• Problem statement: Take the lines below from the first through the one that contains "Day Dinker Pickleball" and copy them exactly.

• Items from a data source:
▼
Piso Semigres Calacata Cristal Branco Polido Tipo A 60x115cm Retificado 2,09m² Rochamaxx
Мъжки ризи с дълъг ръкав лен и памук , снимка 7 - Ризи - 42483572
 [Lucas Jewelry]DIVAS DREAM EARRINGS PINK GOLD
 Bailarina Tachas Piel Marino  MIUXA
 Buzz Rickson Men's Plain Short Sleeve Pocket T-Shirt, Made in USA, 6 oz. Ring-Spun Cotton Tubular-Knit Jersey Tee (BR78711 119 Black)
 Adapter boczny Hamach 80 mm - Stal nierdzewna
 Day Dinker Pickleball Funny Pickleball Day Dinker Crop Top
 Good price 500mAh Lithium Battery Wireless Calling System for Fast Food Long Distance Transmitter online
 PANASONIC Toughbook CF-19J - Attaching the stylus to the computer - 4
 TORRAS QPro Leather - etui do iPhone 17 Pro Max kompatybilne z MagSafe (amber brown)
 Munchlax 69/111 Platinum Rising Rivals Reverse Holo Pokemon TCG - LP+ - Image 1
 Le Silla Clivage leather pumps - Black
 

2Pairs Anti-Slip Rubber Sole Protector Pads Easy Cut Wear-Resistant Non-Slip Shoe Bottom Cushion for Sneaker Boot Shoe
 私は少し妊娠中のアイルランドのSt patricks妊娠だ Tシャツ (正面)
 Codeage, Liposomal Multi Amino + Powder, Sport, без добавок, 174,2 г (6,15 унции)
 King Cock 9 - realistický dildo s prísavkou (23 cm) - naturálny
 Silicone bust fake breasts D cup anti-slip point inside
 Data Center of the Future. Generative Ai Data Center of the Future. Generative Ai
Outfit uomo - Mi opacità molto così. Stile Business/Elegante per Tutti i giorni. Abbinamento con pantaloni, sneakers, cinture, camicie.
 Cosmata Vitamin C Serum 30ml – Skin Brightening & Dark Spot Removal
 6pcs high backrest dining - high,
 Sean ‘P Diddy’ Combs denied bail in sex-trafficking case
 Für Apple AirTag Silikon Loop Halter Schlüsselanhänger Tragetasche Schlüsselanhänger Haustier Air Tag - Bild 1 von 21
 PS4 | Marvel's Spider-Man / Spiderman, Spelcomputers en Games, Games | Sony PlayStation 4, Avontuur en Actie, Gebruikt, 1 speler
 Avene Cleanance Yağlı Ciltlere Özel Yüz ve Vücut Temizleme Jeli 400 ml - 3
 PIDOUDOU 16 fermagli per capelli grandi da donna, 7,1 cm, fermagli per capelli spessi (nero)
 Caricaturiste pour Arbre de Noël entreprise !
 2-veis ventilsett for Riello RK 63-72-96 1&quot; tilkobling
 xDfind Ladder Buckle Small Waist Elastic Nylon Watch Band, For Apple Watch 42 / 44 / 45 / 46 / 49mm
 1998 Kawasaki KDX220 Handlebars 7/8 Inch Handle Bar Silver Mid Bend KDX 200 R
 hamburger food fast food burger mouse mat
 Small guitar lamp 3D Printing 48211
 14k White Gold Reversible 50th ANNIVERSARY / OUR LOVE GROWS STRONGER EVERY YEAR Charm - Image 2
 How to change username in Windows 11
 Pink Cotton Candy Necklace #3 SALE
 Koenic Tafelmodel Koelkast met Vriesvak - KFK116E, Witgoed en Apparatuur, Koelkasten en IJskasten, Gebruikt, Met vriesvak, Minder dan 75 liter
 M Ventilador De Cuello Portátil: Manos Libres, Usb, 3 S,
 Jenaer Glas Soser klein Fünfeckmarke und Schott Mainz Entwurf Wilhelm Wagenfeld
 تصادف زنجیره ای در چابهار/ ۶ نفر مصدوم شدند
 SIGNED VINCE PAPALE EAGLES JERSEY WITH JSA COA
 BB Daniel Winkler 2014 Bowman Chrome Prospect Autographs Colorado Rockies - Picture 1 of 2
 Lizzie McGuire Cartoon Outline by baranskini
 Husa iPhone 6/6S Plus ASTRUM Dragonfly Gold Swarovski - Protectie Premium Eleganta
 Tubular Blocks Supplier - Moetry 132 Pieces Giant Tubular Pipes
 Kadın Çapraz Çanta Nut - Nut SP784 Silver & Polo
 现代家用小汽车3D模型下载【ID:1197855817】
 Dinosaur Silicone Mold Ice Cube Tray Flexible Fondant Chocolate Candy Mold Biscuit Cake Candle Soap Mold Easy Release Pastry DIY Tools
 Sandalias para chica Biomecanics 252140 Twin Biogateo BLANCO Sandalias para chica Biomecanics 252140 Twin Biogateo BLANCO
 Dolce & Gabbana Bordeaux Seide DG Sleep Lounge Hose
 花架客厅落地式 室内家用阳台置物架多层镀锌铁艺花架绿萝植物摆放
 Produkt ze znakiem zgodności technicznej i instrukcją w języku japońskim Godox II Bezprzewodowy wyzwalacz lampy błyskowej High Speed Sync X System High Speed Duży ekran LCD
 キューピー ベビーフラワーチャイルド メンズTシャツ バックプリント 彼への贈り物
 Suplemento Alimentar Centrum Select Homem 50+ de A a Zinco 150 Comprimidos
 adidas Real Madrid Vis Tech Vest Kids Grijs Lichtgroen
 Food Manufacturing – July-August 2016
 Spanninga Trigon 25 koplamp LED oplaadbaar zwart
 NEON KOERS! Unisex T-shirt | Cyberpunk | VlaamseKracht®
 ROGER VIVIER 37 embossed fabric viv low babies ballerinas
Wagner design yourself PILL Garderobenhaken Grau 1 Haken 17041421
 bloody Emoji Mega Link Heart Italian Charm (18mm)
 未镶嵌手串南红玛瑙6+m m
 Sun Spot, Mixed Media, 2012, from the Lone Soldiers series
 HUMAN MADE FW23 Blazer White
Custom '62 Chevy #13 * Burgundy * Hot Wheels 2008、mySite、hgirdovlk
▲
• Result of the exercise:
Piso Semigres Calacata Cristal Branco Polido Tipo A 60x115cm Retificado 2,09m² Rochamaxx
Мъжки ризи с дълъг ръкав лен и памук , снимка 7 - Ризи - 42483572
 [Lucas Jewelry]DIVAS DREAM EARRINGS PINK GOLD
 Bailarina Tachas Piel Marino  MIUXA
 Buzz Rickson Men's Plain Short Sleeve Pocket T-Shirt, Made in USA, 6 oz. Ring-Spun Cotton Tubular-Knit Jersey Tee (BR78711 119 Black)
 Adapter boczny Hamach 80 mm - Stal nierdzewna
 Day Dinker Pickleball Funny Pickleball Day Dinker Crop Top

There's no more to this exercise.